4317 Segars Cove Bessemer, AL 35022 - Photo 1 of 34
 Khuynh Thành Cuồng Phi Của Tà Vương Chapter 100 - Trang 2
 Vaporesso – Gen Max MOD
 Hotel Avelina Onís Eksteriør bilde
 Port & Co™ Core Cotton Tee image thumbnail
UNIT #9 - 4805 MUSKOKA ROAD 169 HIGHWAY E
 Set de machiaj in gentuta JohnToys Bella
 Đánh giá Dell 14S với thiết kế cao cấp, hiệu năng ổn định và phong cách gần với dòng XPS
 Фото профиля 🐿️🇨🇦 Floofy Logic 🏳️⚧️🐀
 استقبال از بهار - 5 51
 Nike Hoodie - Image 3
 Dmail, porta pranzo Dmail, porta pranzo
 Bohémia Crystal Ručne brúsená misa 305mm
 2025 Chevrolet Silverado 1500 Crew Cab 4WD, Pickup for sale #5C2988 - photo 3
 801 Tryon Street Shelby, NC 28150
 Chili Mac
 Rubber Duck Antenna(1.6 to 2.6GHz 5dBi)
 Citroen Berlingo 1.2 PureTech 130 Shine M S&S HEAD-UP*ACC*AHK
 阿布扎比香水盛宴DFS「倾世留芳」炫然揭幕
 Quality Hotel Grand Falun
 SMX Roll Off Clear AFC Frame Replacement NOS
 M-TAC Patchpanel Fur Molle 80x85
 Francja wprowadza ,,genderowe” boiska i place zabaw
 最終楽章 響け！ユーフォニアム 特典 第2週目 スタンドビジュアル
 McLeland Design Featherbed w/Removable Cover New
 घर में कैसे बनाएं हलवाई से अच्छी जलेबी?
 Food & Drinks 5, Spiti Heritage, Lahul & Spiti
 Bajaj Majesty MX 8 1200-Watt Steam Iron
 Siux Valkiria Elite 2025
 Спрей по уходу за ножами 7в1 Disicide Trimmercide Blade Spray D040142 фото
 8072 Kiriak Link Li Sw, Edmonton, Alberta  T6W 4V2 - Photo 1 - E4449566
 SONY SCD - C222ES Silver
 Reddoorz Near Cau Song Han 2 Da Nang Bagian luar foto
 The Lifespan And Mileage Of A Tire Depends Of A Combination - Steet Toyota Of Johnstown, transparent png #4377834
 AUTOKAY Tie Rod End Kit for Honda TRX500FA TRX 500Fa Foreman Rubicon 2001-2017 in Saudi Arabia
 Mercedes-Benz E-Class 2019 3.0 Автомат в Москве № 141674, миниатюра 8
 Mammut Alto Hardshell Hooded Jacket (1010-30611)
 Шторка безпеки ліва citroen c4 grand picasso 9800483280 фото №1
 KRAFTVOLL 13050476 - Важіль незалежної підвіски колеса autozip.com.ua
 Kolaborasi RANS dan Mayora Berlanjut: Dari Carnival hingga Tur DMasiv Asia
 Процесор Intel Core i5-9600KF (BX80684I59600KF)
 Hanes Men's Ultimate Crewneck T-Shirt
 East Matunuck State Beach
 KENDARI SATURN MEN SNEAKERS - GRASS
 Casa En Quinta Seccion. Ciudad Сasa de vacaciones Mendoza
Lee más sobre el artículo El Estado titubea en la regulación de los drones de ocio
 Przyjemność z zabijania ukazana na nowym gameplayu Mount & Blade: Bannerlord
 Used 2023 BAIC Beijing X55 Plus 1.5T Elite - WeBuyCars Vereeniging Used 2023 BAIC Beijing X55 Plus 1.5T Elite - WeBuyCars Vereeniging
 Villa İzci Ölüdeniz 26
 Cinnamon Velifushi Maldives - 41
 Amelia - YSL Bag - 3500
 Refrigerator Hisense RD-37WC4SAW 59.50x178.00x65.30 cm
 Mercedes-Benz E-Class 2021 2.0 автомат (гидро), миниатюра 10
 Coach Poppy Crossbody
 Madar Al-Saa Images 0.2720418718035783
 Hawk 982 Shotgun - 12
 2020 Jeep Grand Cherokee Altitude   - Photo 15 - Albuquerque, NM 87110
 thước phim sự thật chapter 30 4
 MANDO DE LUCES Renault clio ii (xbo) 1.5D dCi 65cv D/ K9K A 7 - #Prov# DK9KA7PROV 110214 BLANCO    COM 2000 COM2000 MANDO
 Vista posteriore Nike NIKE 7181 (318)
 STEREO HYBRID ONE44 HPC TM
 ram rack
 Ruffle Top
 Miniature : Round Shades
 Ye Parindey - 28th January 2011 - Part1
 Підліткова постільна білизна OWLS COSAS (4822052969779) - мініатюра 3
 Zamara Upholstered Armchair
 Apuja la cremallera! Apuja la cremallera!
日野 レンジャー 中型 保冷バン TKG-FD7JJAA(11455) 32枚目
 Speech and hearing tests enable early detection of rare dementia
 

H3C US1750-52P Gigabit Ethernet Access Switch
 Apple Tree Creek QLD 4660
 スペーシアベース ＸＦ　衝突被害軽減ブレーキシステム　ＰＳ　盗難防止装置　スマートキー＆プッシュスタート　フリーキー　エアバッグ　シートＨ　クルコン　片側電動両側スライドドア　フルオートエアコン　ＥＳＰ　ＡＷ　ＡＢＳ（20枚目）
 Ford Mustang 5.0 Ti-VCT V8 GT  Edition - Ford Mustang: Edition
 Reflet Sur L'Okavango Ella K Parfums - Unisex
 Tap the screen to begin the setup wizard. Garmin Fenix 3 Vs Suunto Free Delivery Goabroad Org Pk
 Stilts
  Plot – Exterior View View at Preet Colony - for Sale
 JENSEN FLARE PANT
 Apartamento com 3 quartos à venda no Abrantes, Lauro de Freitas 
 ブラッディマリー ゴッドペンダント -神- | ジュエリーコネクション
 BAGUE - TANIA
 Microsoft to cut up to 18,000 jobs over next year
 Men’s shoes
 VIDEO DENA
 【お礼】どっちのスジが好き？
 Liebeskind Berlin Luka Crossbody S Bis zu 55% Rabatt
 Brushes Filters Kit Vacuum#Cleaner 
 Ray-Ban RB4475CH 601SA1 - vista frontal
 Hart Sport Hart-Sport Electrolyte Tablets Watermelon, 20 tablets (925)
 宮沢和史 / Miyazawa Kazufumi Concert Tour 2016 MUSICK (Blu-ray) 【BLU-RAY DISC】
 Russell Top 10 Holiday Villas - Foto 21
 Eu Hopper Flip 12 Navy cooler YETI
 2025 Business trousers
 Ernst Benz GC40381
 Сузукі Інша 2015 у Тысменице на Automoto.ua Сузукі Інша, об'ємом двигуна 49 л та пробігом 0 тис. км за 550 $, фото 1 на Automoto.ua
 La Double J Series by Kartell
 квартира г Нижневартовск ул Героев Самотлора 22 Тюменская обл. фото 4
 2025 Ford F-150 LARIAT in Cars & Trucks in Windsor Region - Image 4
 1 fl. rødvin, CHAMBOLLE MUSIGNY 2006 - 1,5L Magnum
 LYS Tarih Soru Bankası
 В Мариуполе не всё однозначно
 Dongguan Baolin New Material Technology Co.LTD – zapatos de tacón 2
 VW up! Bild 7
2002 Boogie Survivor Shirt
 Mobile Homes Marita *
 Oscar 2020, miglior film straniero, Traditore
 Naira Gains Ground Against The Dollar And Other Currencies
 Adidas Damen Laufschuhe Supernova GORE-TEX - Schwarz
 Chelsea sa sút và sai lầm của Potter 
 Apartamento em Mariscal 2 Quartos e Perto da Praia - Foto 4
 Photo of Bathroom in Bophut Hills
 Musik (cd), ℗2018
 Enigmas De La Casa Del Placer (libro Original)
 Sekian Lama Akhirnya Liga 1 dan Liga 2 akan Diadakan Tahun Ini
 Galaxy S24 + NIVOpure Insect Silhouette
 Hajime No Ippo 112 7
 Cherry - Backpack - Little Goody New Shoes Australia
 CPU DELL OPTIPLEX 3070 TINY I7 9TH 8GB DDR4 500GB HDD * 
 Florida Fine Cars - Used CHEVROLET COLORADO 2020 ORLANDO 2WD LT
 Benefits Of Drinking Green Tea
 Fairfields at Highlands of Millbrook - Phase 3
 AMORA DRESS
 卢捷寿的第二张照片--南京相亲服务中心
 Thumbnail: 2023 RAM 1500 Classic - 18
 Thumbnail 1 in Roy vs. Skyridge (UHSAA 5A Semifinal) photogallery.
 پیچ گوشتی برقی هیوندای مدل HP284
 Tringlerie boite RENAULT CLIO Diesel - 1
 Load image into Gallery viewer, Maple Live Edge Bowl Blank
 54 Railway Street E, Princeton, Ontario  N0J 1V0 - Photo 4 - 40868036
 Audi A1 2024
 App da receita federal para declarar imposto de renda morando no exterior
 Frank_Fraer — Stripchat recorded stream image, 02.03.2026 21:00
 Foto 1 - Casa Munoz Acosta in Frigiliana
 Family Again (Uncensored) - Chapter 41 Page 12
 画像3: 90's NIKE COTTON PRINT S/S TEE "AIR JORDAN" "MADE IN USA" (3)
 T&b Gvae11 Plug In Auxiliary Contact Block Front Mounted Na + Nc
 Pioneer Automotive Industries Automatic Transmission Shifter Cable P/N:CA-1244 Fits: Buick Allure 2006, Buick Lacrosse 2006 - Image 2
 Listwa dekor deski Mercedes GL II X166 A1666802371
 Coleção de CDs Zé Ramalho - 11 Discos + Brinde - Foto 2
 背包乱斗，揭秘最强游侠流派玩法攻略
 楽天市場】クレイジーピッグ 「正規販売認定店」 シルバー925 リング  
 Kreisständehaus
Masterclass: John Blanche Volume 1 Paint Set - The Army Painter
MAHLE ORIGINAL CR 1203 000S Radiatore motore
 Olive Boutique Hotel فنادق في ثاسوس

## Your task:
Look over the listing. Pull out every line with the string "Casa" in it.

## Reply to the exercise:
 Casa En Quinta Seccion. Ciudad Сasa de vacaciones Mendoza
 Enigmas De La Casa Del Placer (libro Original)
 Foto 1 - Casa Munoz Acosta in Frigiliana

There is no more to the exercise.